| Task statement |
Which lines of the records below contain the word "Ivory"? Copy each of them out.
######
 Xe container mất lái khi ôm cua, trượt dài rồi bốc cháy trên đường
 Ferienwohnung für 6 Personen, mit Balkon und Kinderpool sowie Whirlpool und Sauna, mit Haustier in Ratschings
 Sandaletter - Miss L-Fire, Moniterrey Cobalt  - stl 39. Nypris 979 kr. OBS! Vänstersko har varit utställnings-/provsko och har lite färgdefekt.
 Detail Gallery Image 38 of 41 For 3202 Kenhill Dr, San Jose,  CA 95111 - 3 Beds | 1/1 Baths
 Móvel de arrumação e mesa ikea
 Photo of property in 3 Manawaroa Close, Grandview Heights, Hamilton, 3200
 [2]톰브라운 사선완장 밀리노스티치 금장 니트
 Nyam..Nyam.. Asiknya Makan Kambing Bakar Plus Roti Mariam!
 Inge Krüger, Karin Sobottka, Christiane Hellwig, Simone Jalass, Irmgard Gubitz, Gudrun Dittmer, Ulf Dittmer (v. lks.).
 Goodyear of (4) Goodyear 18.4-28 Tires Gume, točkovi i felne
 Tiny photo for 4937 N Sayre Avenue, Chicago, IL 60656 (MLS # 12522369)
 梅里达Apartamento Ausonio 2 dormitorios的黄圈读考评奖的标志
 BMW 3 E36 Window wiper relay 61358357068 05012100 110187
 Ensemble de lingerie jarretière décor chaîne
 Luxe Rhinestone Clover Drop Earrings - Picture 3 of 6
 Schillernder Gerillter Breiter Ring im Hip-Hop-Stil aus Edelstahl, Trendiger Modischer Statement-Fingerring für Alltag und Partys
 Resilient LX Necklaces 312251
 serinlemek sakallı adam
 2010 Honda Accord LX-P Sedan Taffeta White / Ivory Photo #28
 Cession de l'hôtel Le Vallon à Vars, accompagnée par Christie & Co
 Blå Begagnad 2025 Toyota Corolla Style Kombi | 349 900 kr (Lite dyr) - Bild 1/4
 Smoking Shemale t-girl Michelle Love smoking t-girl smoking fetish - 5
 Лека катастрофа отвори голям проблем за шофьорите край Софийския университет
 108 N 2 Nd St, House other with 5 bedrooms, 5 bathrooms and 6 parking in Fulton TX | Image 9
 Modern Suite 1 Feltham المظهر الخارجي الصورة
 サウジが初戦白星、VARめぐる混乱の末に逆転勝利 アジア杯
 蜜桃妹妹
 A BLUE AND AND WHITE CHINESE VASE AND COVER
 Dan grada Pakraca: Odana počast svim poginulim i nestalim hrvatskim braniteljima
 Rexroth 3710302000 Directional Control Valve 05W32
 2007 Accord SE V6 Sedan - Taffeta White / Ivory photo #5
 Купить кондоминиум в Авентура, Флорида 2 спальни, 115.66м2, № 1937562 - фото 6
######
| Exercise solution |
 2010 Honda Accord LX-P Sedan Taffeta White / Ivory Photo #28
 2007 Accord SE V6 Sedan - Taffeta White / Ivory photo #5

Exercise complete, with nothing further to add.